Abstract
Wilson disease (WD) is a genetic disorder of copper metabolism. It can present with hepatic and neurological symptoms, due to copper accumulation in the liver and brain. WD is caused by compound heterozygosity or homozygosity for mutations in the copper transporting P-type ATPase gene ATP7B. Over 700 ATP7B genetic variants have been associated with WD. Estimates for WD population prevalence vary with 1 in 30,000 generally quoted. However, some studies have estimated much higher prevalence rates. The aim of this study was to estimate the population prevalence of WD by determining the frequency and evaluating the pathogenicity of ATP7B variants in a genomic sequence database. A catalogue of 732 WD-associated ATP7B variants was constructed using data from the WD Mutation Database and a literature review. A total of 231 WD-associated ATP7B variants were present in the gnomAD dataset giving an estimated population prevalence of around 1 in 2400 with a carrier rate of 1 in 25. Pathogenicity of the variants was assessed by (a) comparing gnomAD allele frequencies against the number of reports for variants in the WD literature and (b) using variant effect prediction algorithms. After exclusion of WD-associated ATP7B variants with predicted low penetrance, the revised estimates showed a prevalence of around 1 in 20,000, with higher rates in the Asian and Ashkenazi Jewish populations. Conclusion: We have calculated the prevalence of WD based on genomic sequencing data and our results highlight the importance of assessing penetrance when assigning causality to genetic variants. The high frequency of low penetrant ATP7B variants raises the possibility that these variants could contribute to abnormalities in copper homeostasis that do not manifest in a clear WD phenotype and diagnosis.

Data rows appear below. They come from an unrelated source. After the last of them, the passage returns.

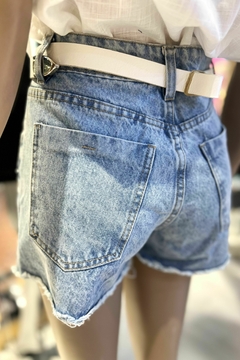Short Denim Hotfix - tienda online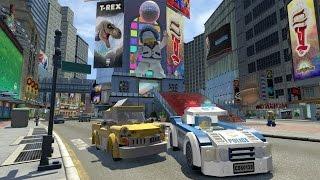 LEGO City Undercover - Open World Free Roam Gameplay (PC HD) [1080p60FPS]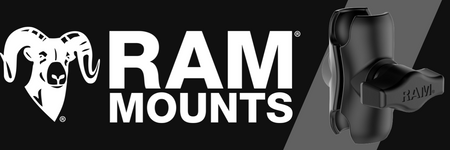 RAM Mount Ramie o Długości 6 cm z Gniazdami w Rozmiarze B 1"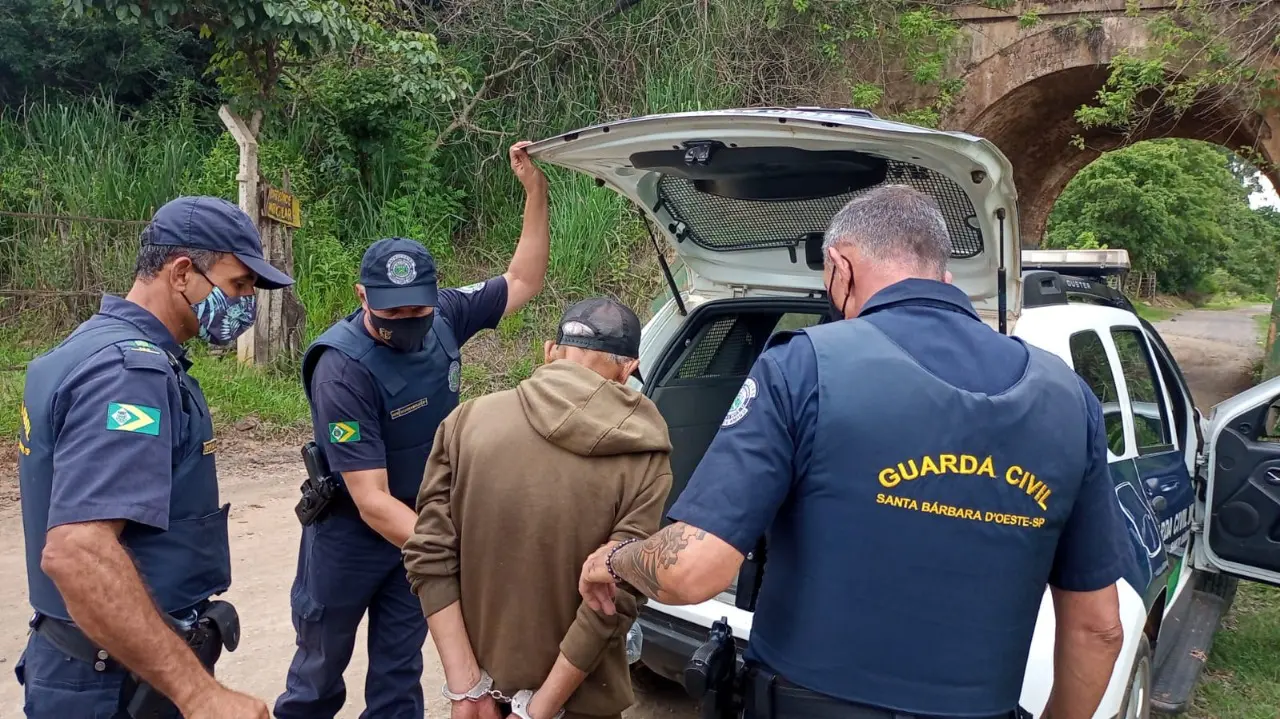 Homem de 71 anos é detido acusado de estuprar menina de 2 anos em Santa Bárbara D’Oeste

Author Summary Wilson disease is a genetic disorder that causes copper accumulation in the liver and brain. It is caused by mutations in the ATP7B gene that encodes a protein involved in transporting copper across cell membranes. We used genomic sequencing data from more than 120,000 people from 8 global populations to estimate the prevalence of mutations that cause Wilson disease. From these data we calculated the predicted prevalence of Wilson disease and found that it is much higher than traditional estimates. Further analysis revealed that this high prevalence is likely due to several mutations that are too common to be a major cause of the disease and may only have mild effects on ATP7B protein function. After taking these mild mutations into account in our estimates of disease prevalence, we predict that Wilson disease has a population prevalence of around 1 in 20,000 with higher rates in East Asian and Ashkenazi Jewish populations. Our results suggest that some mutations in ATP7B may cause milder forms of Wilson disease.